Top post on this site last week – and last month – was FFA’s reflection on Brexit – the farming facts from Northern Ireland (June 2016). Because of readers’ interest, the writer, William Taylor, Northern Ireland co-ordinator of Farmers for Action (right), was asked to update the article which is published below in full.

The EU was conceived in the 50’s after the terrible events of the Second World War by a Mr Monet, a Mr Schumann and others. It was modelled on the United States of America and had as its goal for Europe as the two PP’s, peace and prosperity. It has by and large been quite successful at delivering the peace including Northern Ireland.

All prospered until the 1980s when the large food corporate retailers, the large food corporate wholesalers, to a lesser extent the large corporate food processors and the large co-operative food processors, who behave like corporates, began to take over.

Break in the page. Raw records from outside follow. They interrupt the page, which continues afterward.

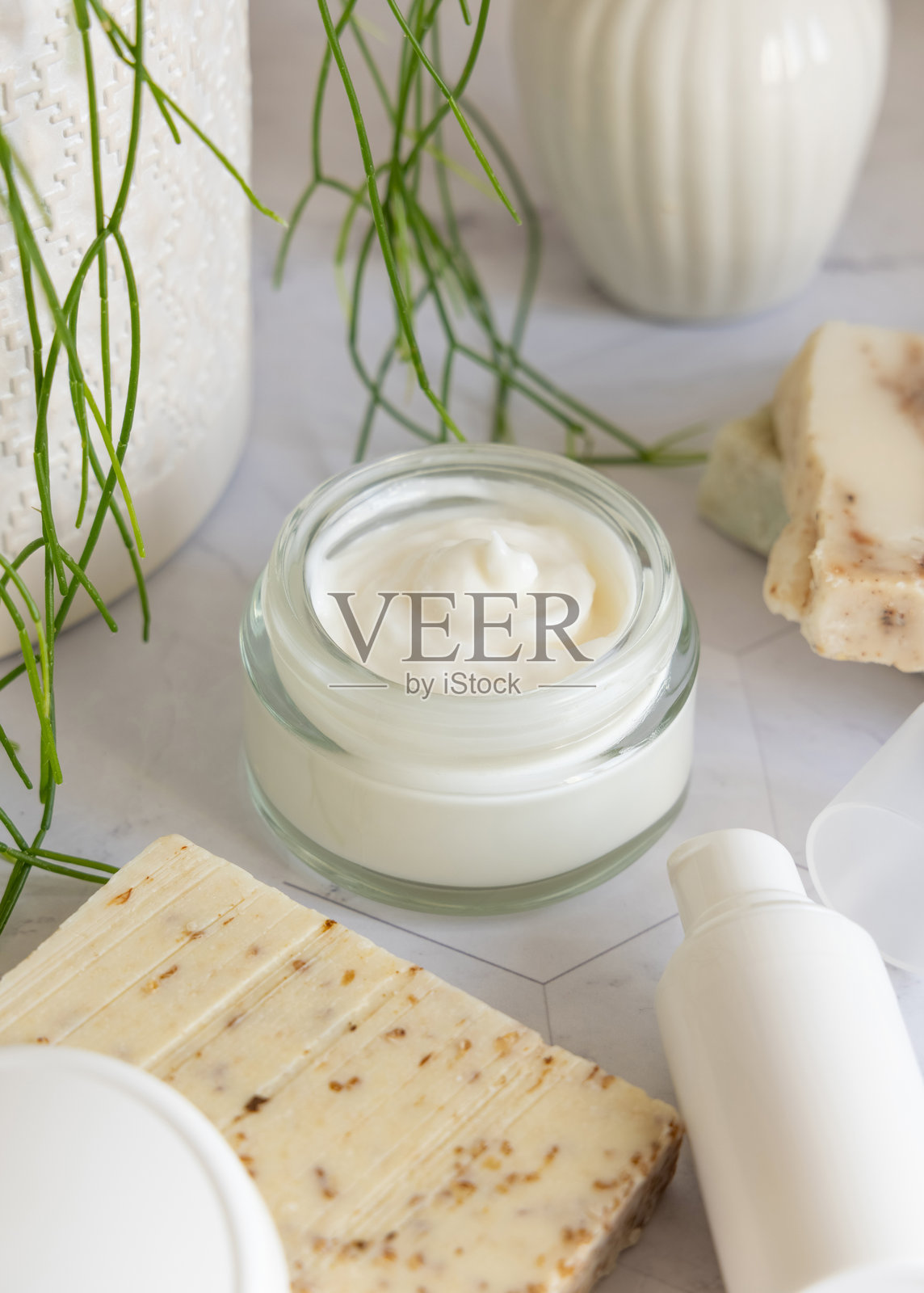 在大理石上靠近绿色植物的特写镜头中，打开的奶油罐，白色空白盖，化妆品样机。照片摄影图片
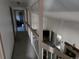 Upstairs hallway overlooking living area at 7507 Braun St, Arvada, CO 80005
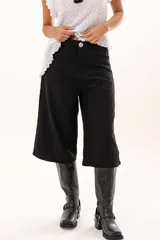 Bermuda de tiro medio y silueta amplia, confeccionada en tela negra. Cuenta con bolsillos delanteros y traseros, cierre frontal con cremallera y botón.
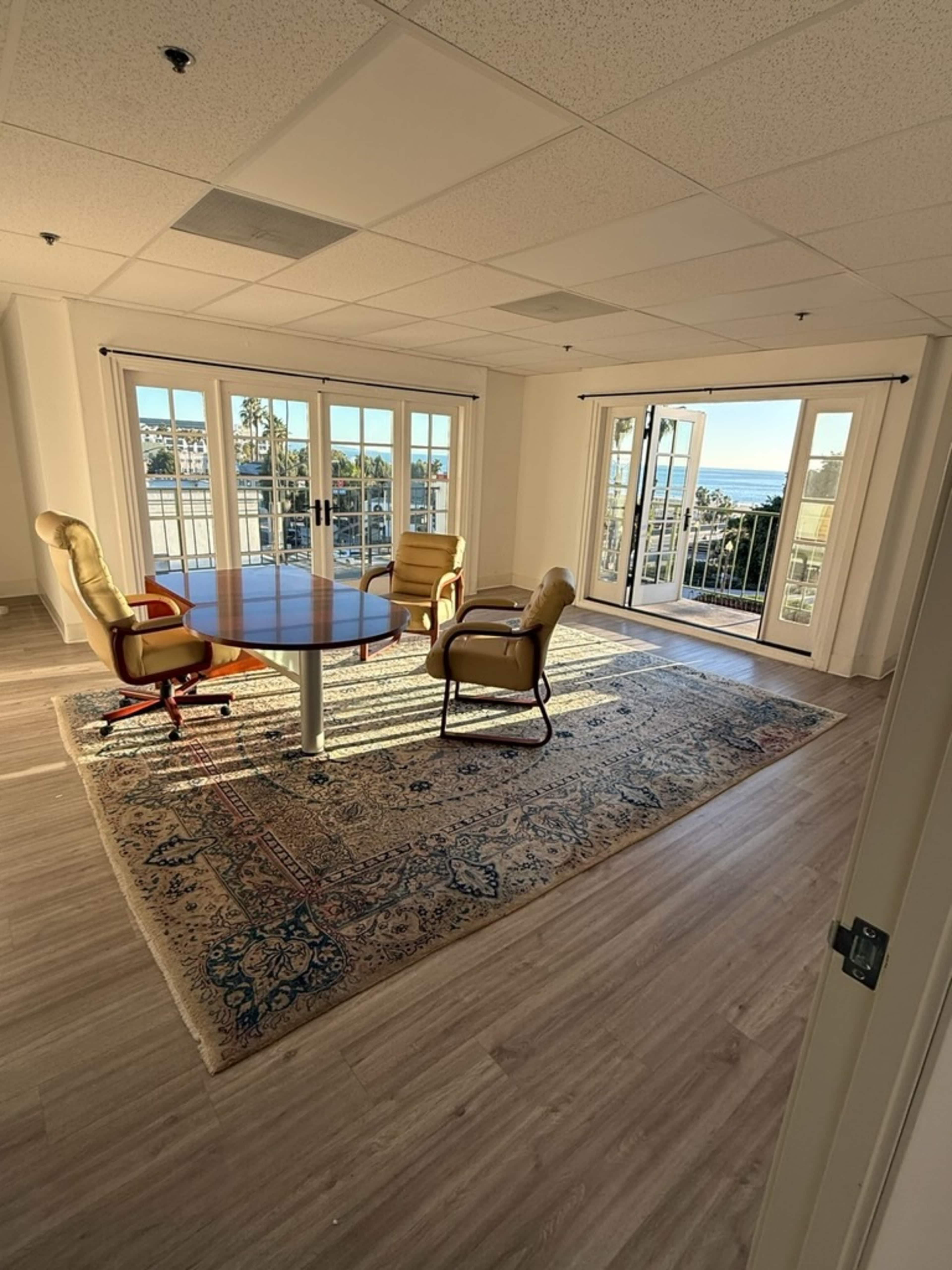 A conference room features a round table surrounded by four chairs and large windows that provide a view of the outdoors.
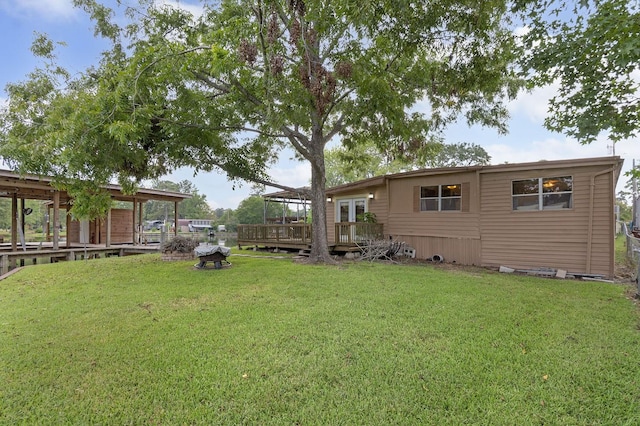 view of yard with a wooden deck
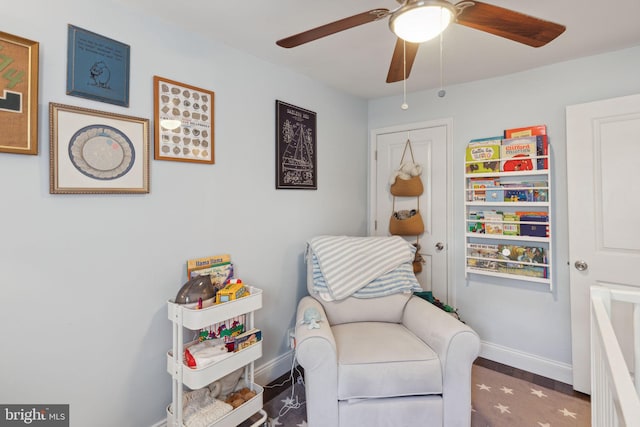 sitting room with ceiling fan and dark hardwood / wood-style floors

They influenced the EU ship in the wheelhouse, persuading them to talk the talk but letting the corporates walk the walk, increasingly in their interest.

In short, the hard-working family farms and rural businesses of rural Europe were and are being short changed in what they should expect from the Treaty of Rome, the Lisbon Treaty, the Maastricht Treaty, the Human Rights Laws and all the other EU promises to the people.

Article 39b of the Lisbon Treaty states that rural dwellers are to be properly rewarded for their work but this pledge has not been delivered.

Today, 50% (ie peace) of what goes on in the EU is good, the other 50% is now corporate corrupt at the top (ie the missing prosperity for rural dwellers).

Then we come to Westminster, where we have seen the actions of successive UK governments since the 1980s.

As the corporate corrupt EU prosperity machine started financially milking farmers and rural dwellers, so did Westminster, again due to increasing food-corporate influence, including the bankers, to which even Blair’s New Labour became easily addicted, although change may be afoot.

If proof were needed of this new 21st century UK politics pillaging rural UK financially for the sake of food corporates’ profits, then look no further than the 2015 verdict by the Supermarket Ombudsman against Tesco. A few days after this, Vince Cable (Lib Dem MP in the last Coalition Government) was interviewed by the BBC and asked what he thought of the outcome; he summed it up by saying, ‘when we were in Coalition we pushed hard for the Supermarket Ombudsman’s office to have increased powers but also the ability to fine the large supermarkets but the Tories wouldn’t hear tell of it – if the ability for the Supermarket Ombudsman to fine had been in place, Tesco would have been fined up to £400million.’

I ask you what chance does a family farm have of getting a fair price for their produce against the financial might and influence of these food corporates both in Westminster and Brussels?

Therefore, the case for legislation on farmgate prices has been worked on for over two years in Northern Ireland and is shortly to be put to Stormont (as soon as it returns to office). If successful it would return farmers a minimum of the cost of production plus a margin inflation linked across the staples.